Provided data
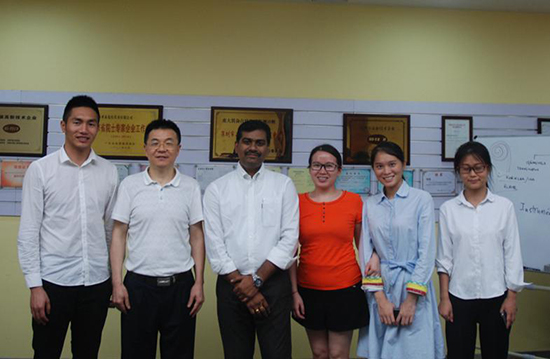 亞泰光電總經(jīng)理鄭翔（左二）、AIMIL副總經(jīng)理Subrahmanyam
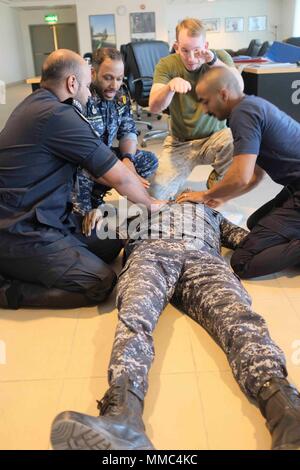 (170916-M-ZZ999-016) U.S 5TH FLEET AREA OF OPERATIONS (Sept. 16, 2017) – Members of the Kuwaiti Ministry of Interior Explosive Ordnance Team provide first responder care and a primary exam to a simulated casualty during the final trauma exercise during a medical exchange with the Kuwaiti Ministry of Interior explosive ordnance team in Kuwait. The 15th MEU is deployed with the America Amphibious Ready Group in order to maintain regional security in the U.S. 5th Fleet area of operations. (Courtesy photo by Hospital Corpsman 1st Class Tonya Jury) Stock Photo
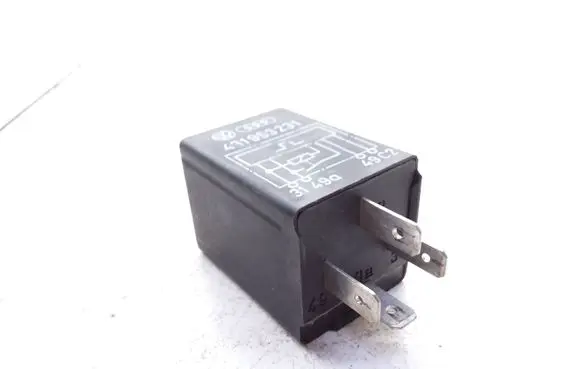 Volkswagen Golf II Hazard warning light relay 431953231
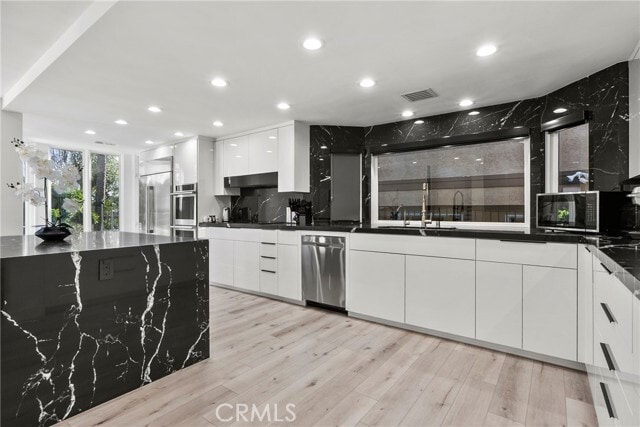 Building Photo - 5965 Nora Lynn Dr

Work item
Only the lines from the one containing "Volkswagen Golf II" through the end of the data above are to be output, exactly and without pictures.

Expected answer
 Volkswagen Golf II Hazard warning light relay 431953231
 Building Photo - 5965 Nora Lynn Dr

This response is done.